Dawson’s isn’t alone. Retail outlets around the country are discovering a new opportunity with sixtels, which are usually used in on-premise venues. Liquor Outlet Wine Cellars in Boonton, New Jersey, stocks as many as 100 different beers in sixtels, generally priced from $79.99 to $140 for containers that hold roughly five gallons. Prices can reach as high as $204.99 for a mini-keg of Brasserie Dupont Saison farmhouse ale from Belgium. “More customers are requesting them,” says beer supervisor Kevin Bodnar. “There appears to be increased awareness.” Sixtels have become so popular at Liquor Outlet that the store added a cooler room three years ago in order to stock the kegs. These days, the retailer sells around 25 to 30 sixtels a week, with top-sellers including Yards Brawler mild ale ($79.99) and Ballast Point Sculpin IPA ($105.99).

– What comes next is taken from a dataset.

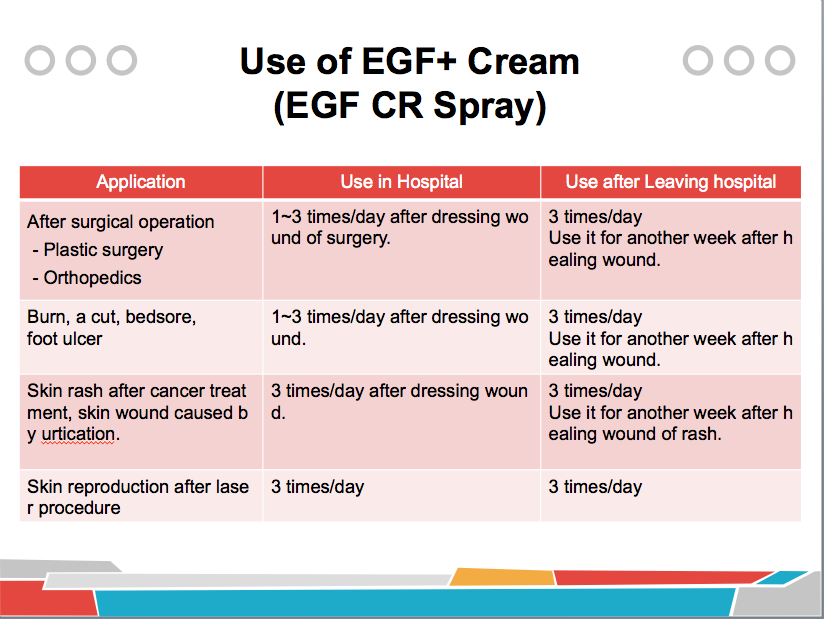 EGF Plus Cream 3g - Kem Tái Tạo Da EGF 3g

To promote the offerings, Liquor Outlet advertises in regional beer newspapers, such as Ale Street News, and sends out weekly email blasts to some 4,500 customers.
At Dawson’s, a rack designed to hold 20 sixtels helps keep the barrels chilled and out of the way in the cooler. The store offers more than 60 year-round beers in sixtels, plus seasonal and limited releases, generally priced from $70 for Goose Island IPA to $200 for Dogfish Head 120 Minute IPA, plus a $30 deposit. “A lot of people will just roll over the deposit when they return the keg and pick up another one,” Stahl says. Dawson’s typically sells 10 to 20 sixtels a week.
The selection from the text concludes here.